New Zealand group urges action to combat Campylobacter


A group in New Zealand called for action to tackle Campylobacter in fresh chicken meat.
The Public Health Communication Center (PHCC) said the government should consider an official investigation into the issue. The PHCC has also said that the responsibility for food security management should go from the Ministry of Primary Industries (MPI) to an independent regulator.
In New Zealand, contaminated fresh chicken meat is the main source of human infection in Campylobacter. An increase from 1980 to 2005 came next to an increase in chicken consumption. Report and hospitalization rates divided in half in 2007 after the introduction of regulatory measures to reduce contamination levels in fresh chicken meat tested in processing factories.
During the 17 years which followed this intervention, the report rate for Campylobacteriose decreased by 30.4%, while the hospitalization rate increased by 69.7%. Scientists have said that the increase in hospitalizations suggests a substantial increase in Campylobacter infections since 2008.
The PHCC said that an epidemiological study could help understand the inconsistency shown by the increase in the hospitalization rate from 2008 to 2023 during the drop in notifications.
From 2008 to 2024, researchers estimated that contaminated chicken meat resulted in 622,000 cases and 85,200 cases notified. They put the number of people hospitalized at 9,100, including 68 deaths. The economic cost was $ 1.4 billion NZ (840 million US dollars).
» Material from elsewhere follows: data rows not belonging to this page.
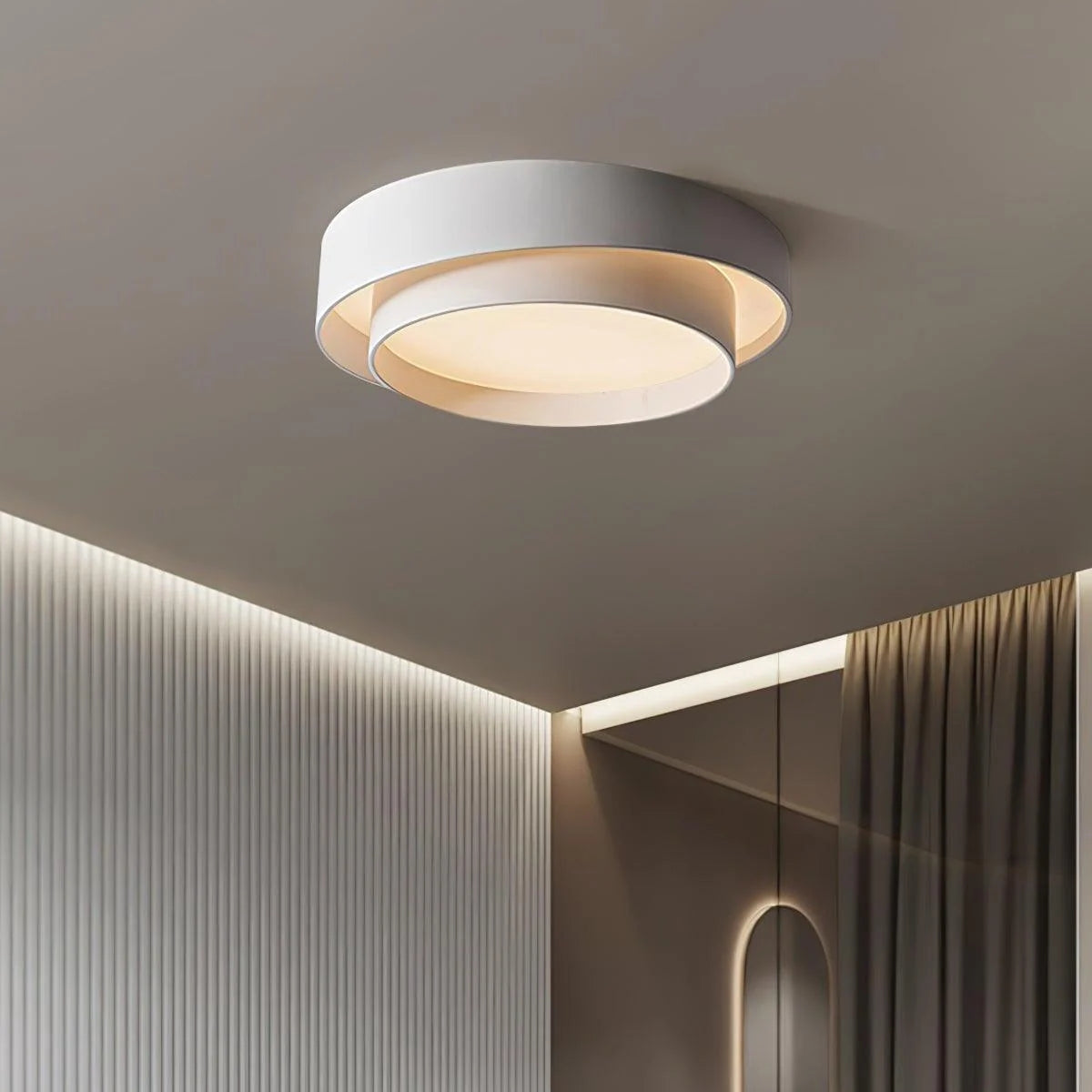 Nordic Modern Minimalist Creative Circular LED Design Ceiling Light -Homdiy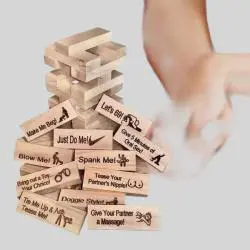 Couple Stacking Tower Game - Valentine's Day Gift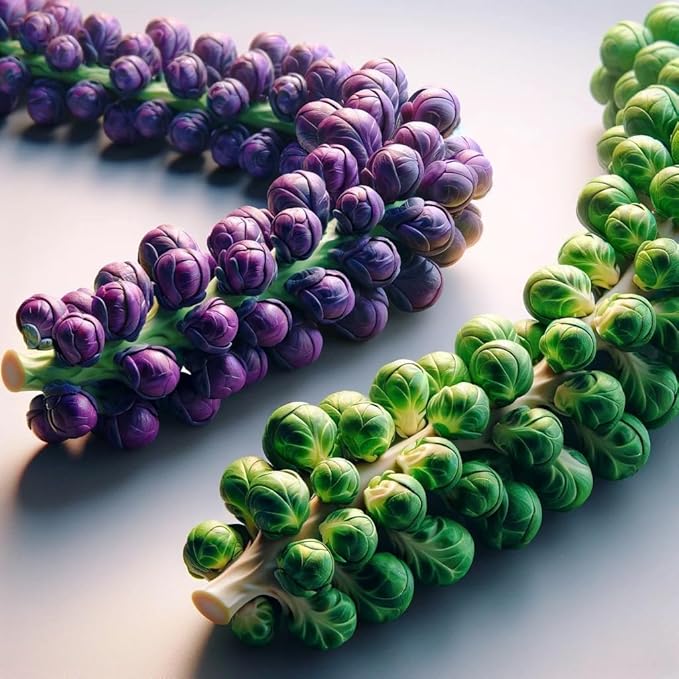 Seeds4planting - Seeds Brussels Sprouts Mix Cabbage Long Island and Redarling Indoor Heirloom Vegetable Non GMO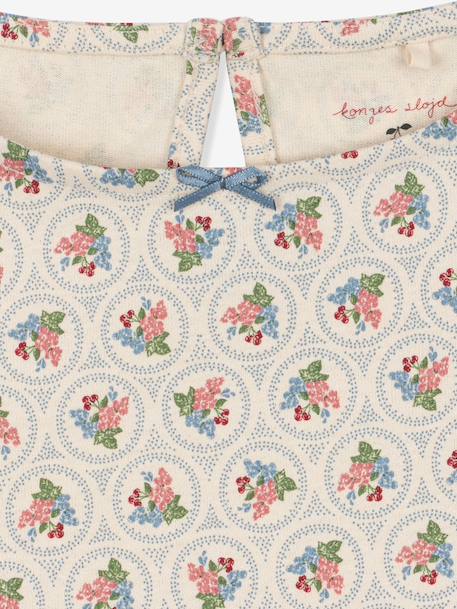 Robe longue manches volumineuses beige 3 - vertbaudet enfant 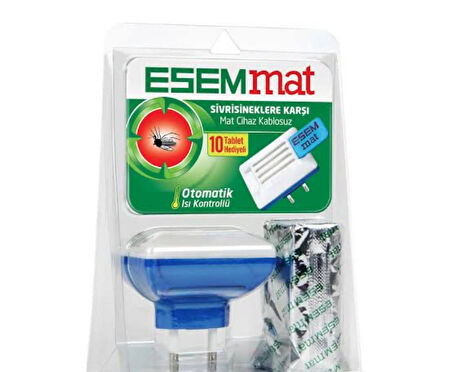Sivrisineklere karşı mat cihaz kablosuz 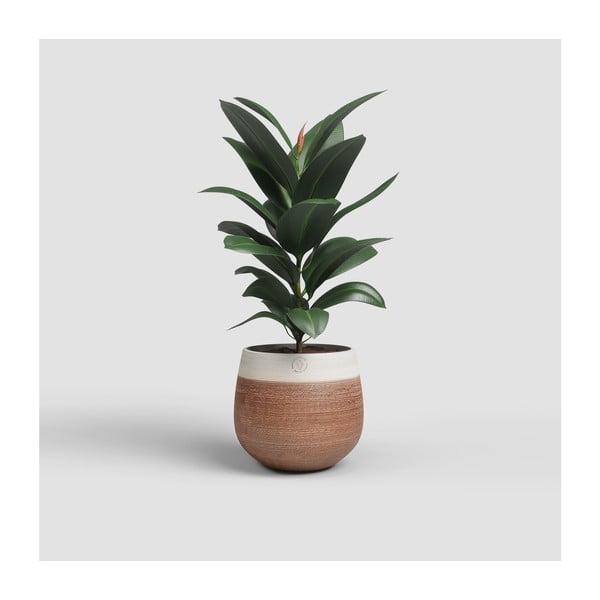 Ceramiczna ręcznie wykonana doniczka ø 20 cm Antheia – Artevasi-image-1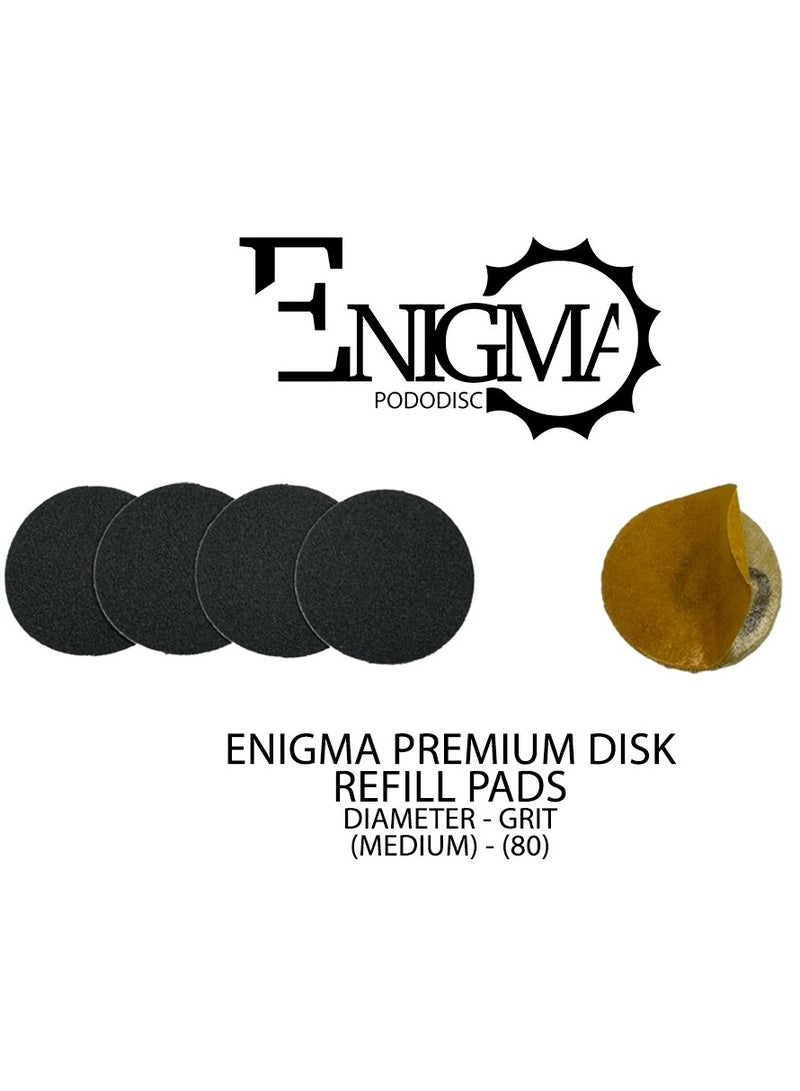 ENIGMA PREMIUM DISK REFILL PADS D20 M 80 GRIT (100PCS)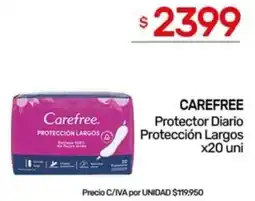Nini Mayorista Carefree protector diario protección largos oferta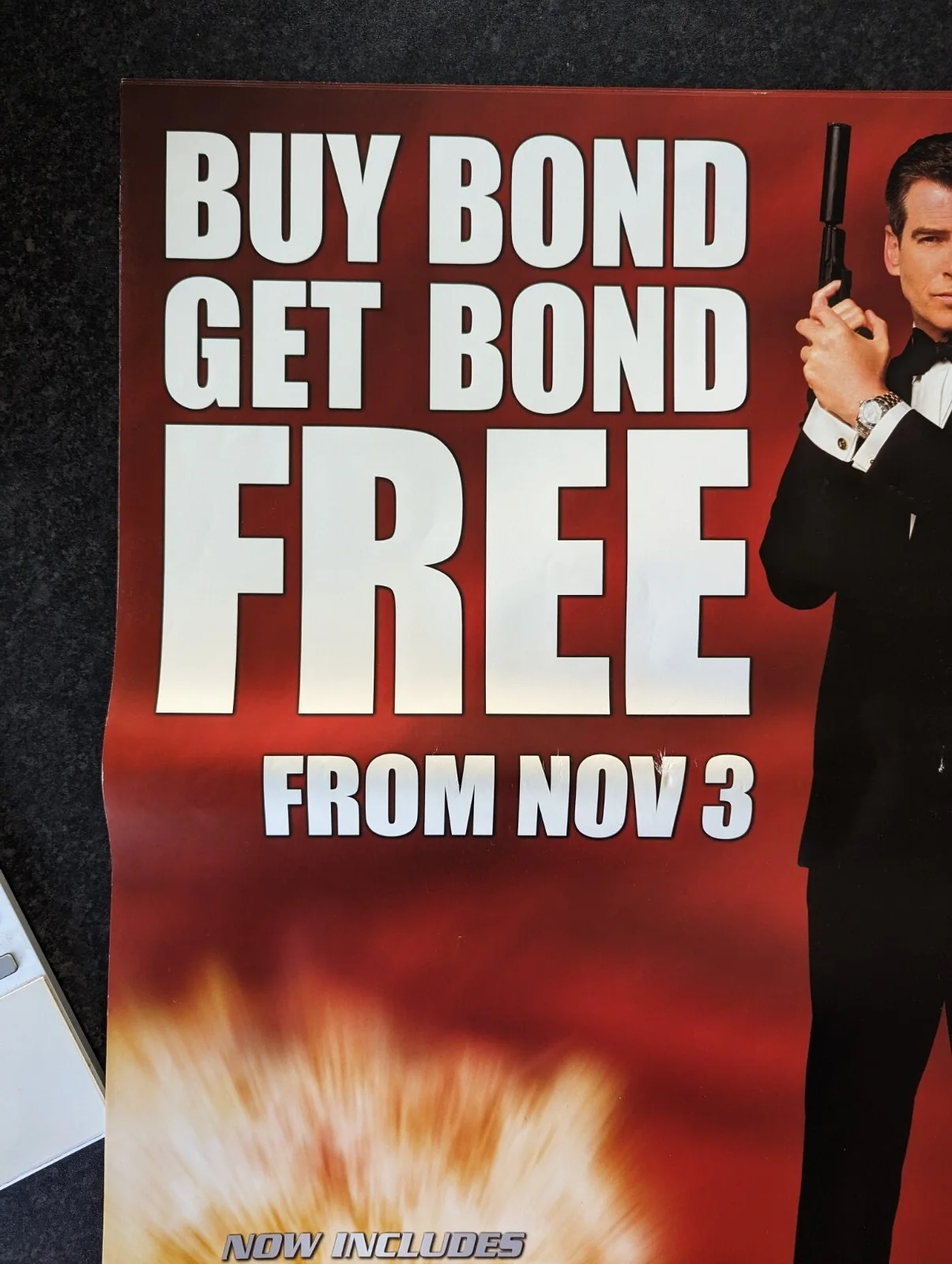 DIE ANOTHER DAY JAMES BOND 007 DVD STORE PROMO POSTER BROSNAN - 2003, изображение 5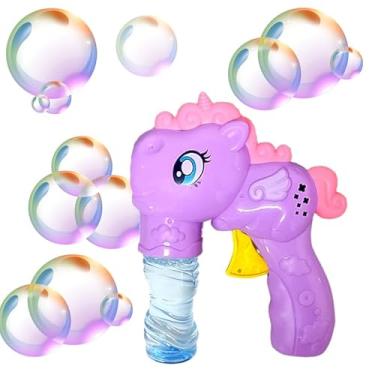 Imagem de Brinquedo que faz Bolinhas de Sabão Automática Bolhas Unicórnio Infantil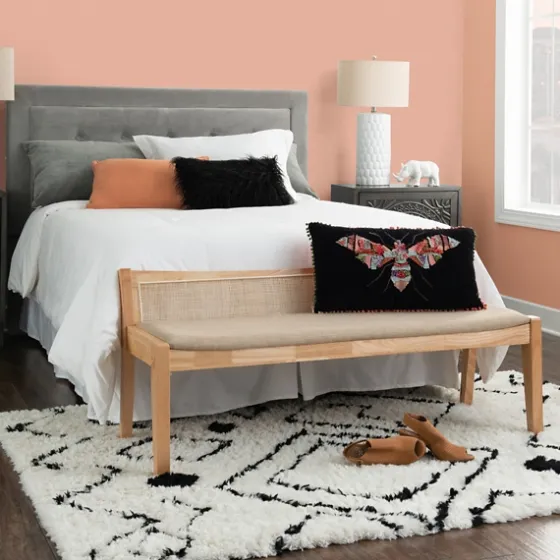 Natural Woven Rat Back Minimalist Bench-Kirkland's Home Cheap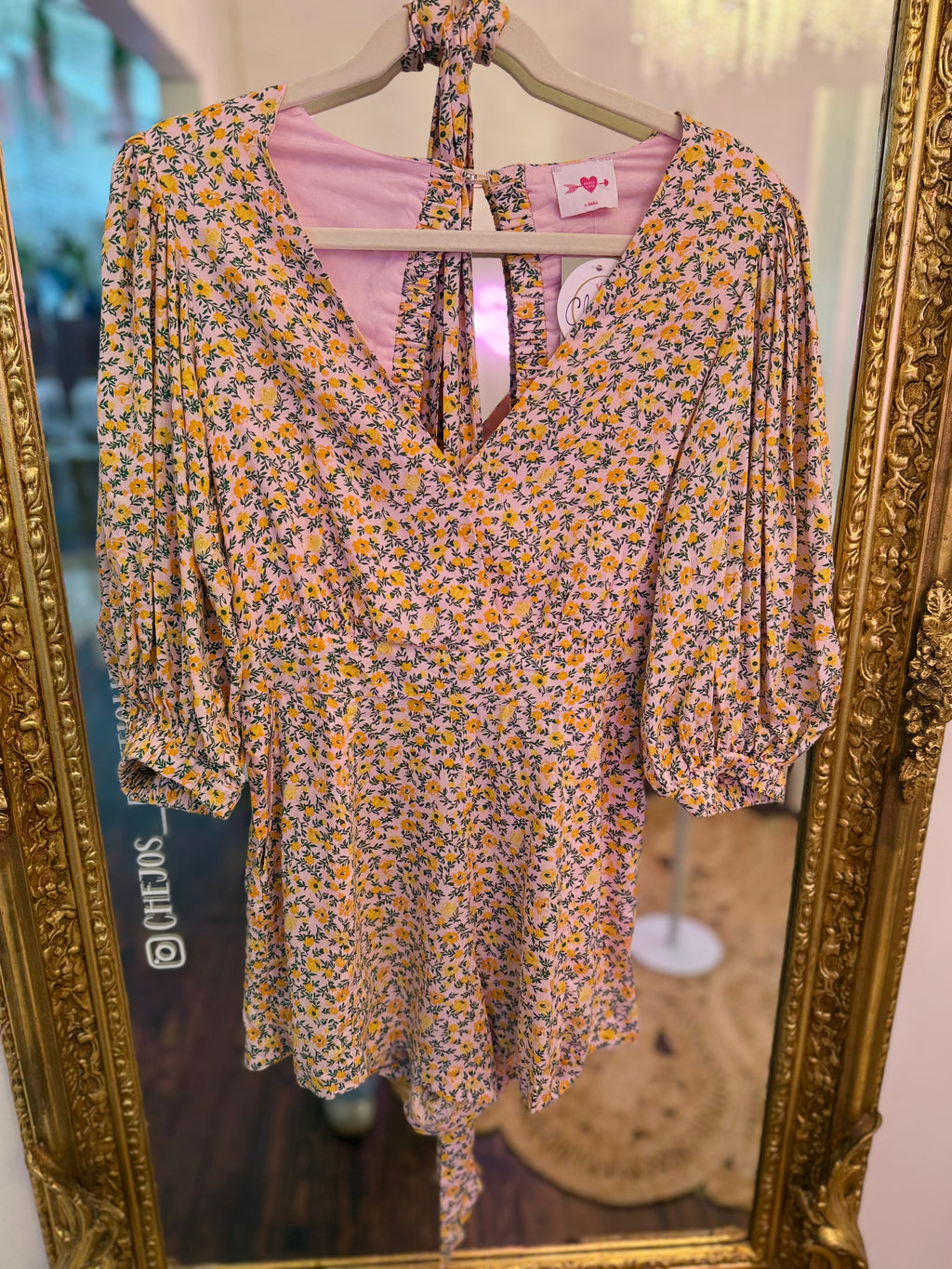 Julia Short Sleeve Romper - Magnolia | BuddyLove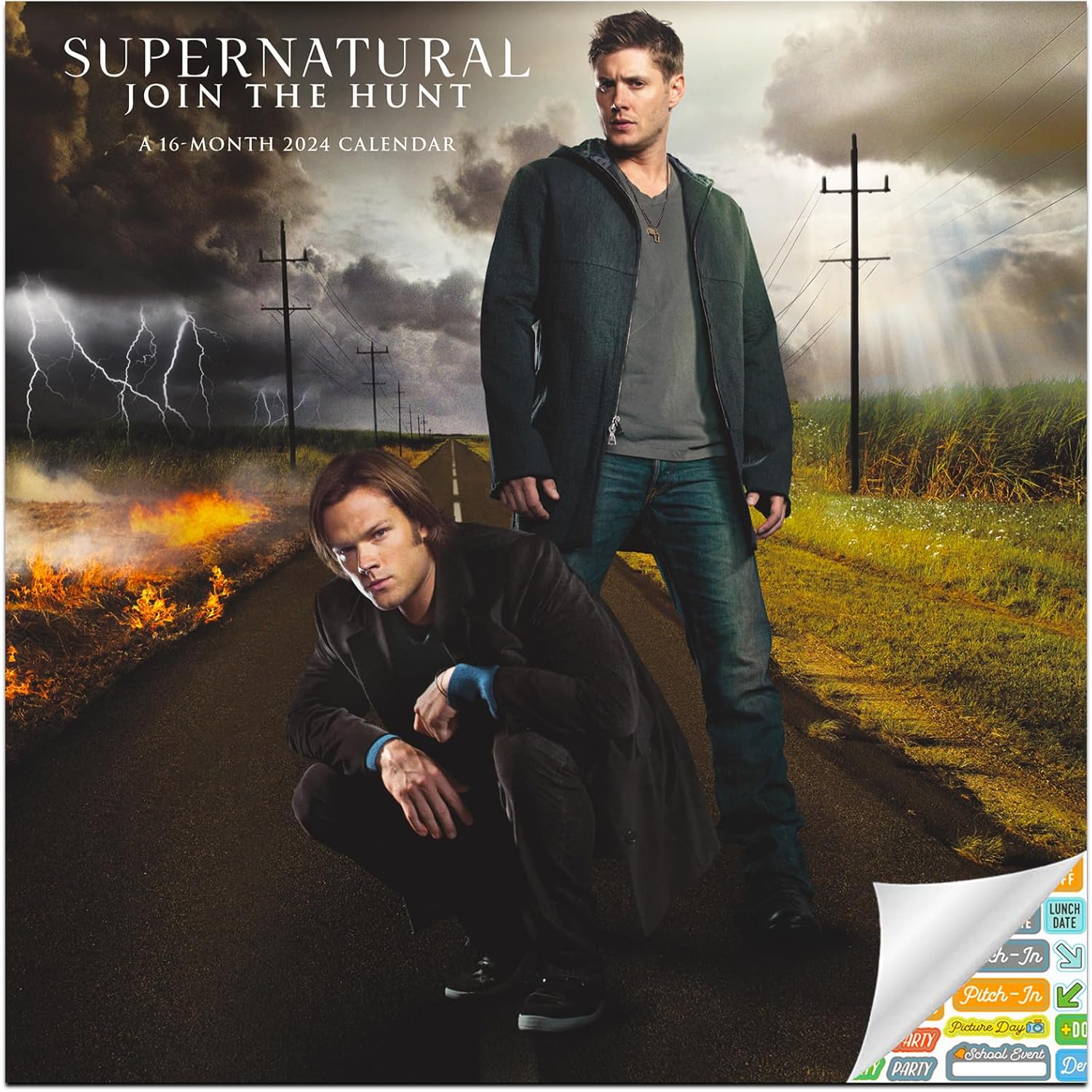Grehge lendar 2024 Deluxe 2024 Supernatural Wall Calendar Bundle with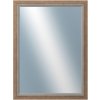 DANTIK - Zrkadlo v rámu, rozmer s rámom 60x80 cm z lišty AMALFI okrová (3114)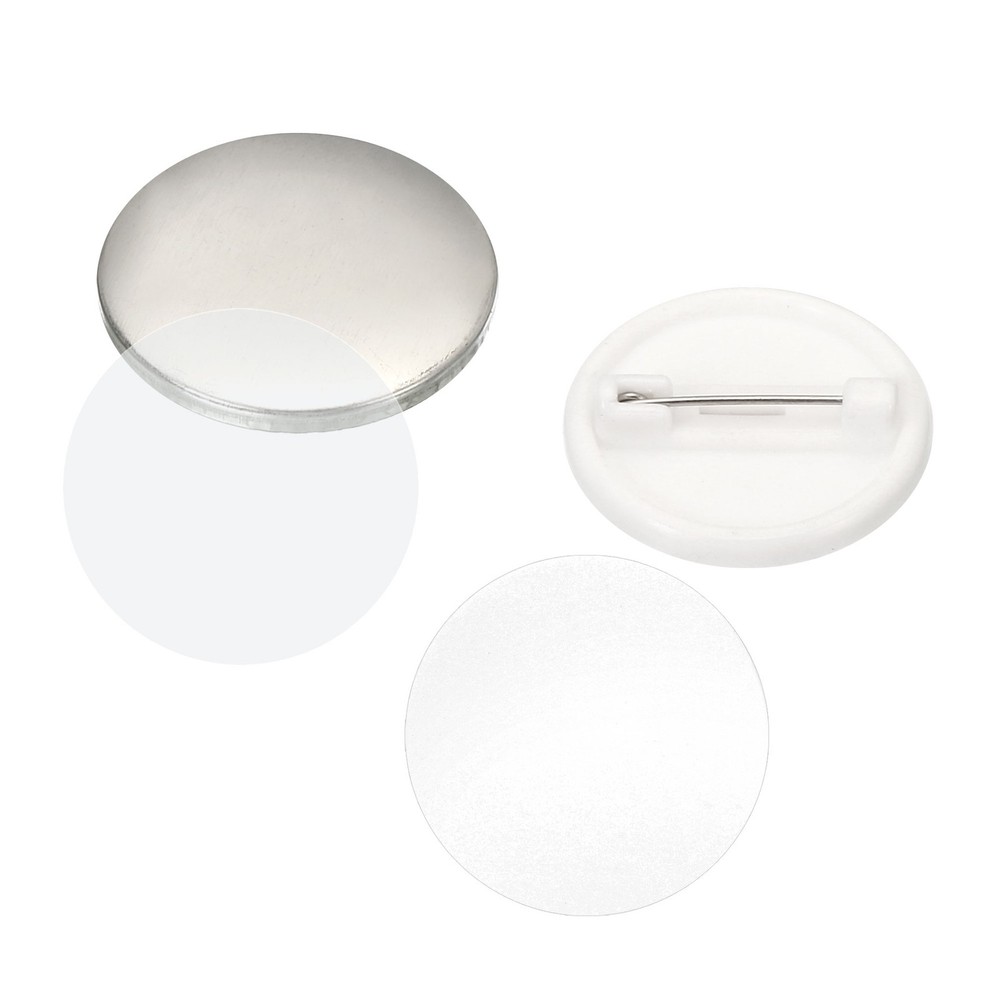 0.98" Blank Button Making ,10Pcs Round Badge Parts for Button Maker Machine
The co-author, Professor Nick Wilson, said: “It seems remarkable that an epidemic of this scale, an impact (including death and invalidity for some), and the cost has been authorized to continue without control for so long. This negligence is particularly alarming because this epidemic had a single dominant source, and the TAP could have disabled itself quickly if one of the multiple governments had chosen to tighten the existing regulations.”
New Zealand food security response
Vincent Arbuckle, deputy director general of food security in New Zealand, said that there were important limits with the methodology used in the analysis and conclusions were not supported by evidence.
“Between 2006 and 2020, rates reported that food campylobacter infections reduced by half. In 2020, New Zealand food security set the goal of reducing the rate by an additional 20%. This step was reached at the end of 2024, when the rate of food campylobacter infections were acquired in New Zealand at 70,000, “he said.
Arbuckle said the agency maintains an open mind on changes that can reduce Campylobacter infection, but will not consider things that are not based on good evidence.
The PHCC has requested measures to reduce levels of contamination on the chicken at the point of sale, such as more secure limits, supported by microbiological tests. The contaminated chicken could be diverted through safer channels, such as frozen and precious products.
The regulators should force the labeling of fresh chicken meat to highlight the risk of infection and how to minimize it, such as non-lavage of the product and adequate cooking.
The way of contaminated meat with human infection is generally not to eat the chicken itself, unless it is insufficient. The predominant route is likely to go through cross -contamination from raw chicken, including direct handling, contaminated surfaces in kitchens and cross -contamination of other foods prepared in the same contexts.